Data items
======

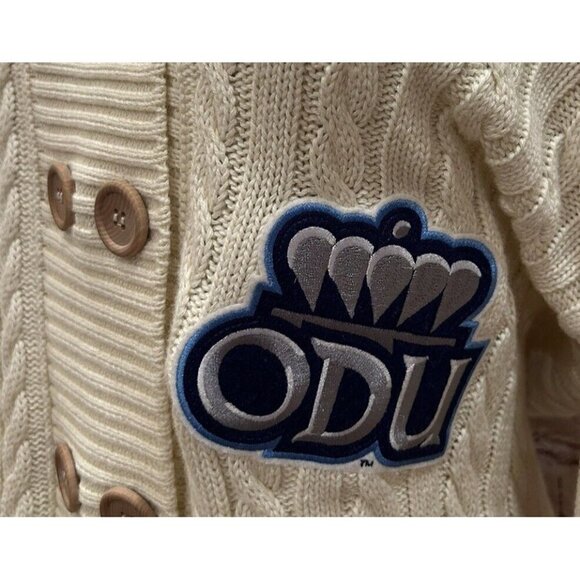 Cardigan Sweater Womens Large ODU Old Dominion University Ivory Cable Knit NEW - Picture 4 of 7
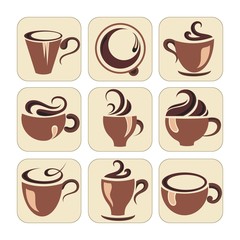 Coffee cup vector set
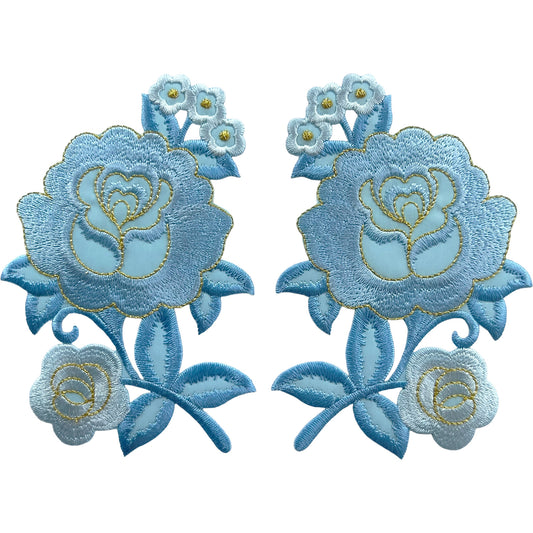 Pair of Blue Flower Patches Iron Sew On Dress T Shirt Skirt Flowers Patch Badge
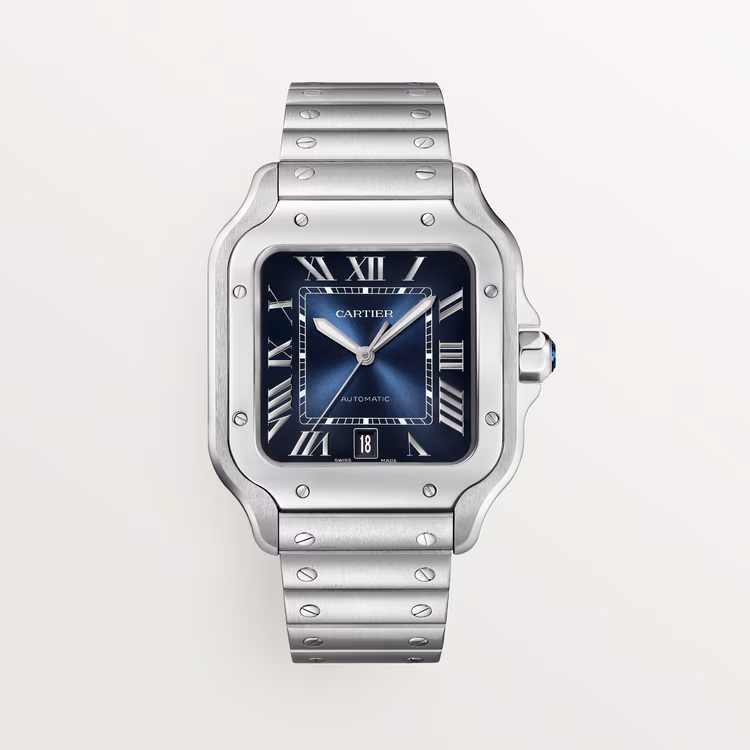 Cartier Santos acier automatique Blue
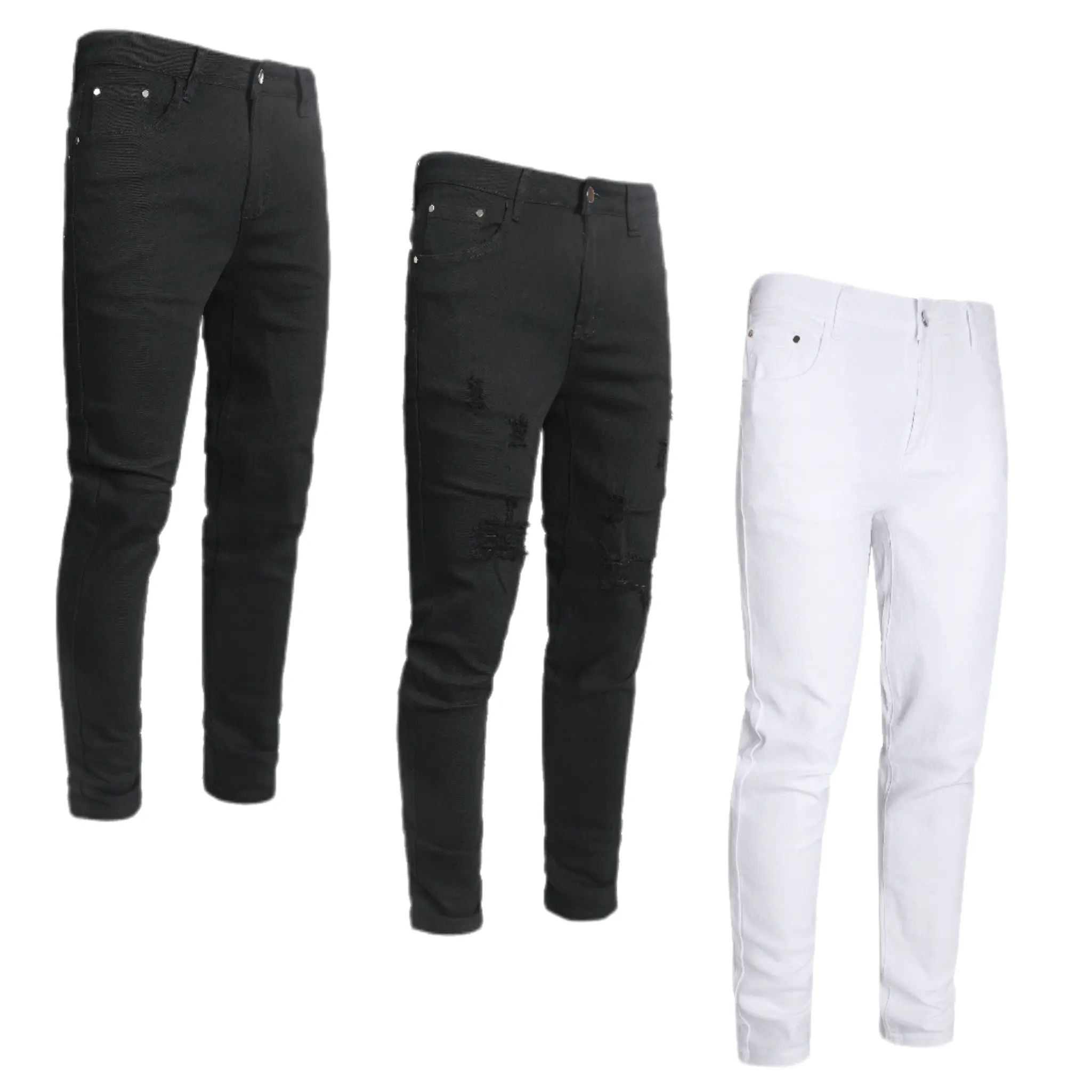 JUNBAOSS Menswear 3-Pack High-Stretch Elastane A-Type Skinny Trousers - Ripped Frayed Design, Flex Waist Plain Denim, Dark-Colored Slim Tapered Leg, Foldable Casual Streetwear Clothing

======

Please output all the records above exactly, leaving out every picture.

 Cardigan Sweater Womens Large ODU Old Dominion University Ivory Cable Knit NEW - Picture 4 of 7
 Coffee cup vector set
 Pair of Blue Flower Patches Iron Sew On Dress T Shirt Skirt Flowers Patch Badge
 Cartier Santos acier automatique Blue
 JUNBAOSS Menswear 3-Pack High-Stretch Elastane A-Type Skinny Trousers - Ripped Frayed Design, Flex Waist Plain Denim, Dark-Colored Slim Tapered Leg, Foldable Casual Streetwear Clothing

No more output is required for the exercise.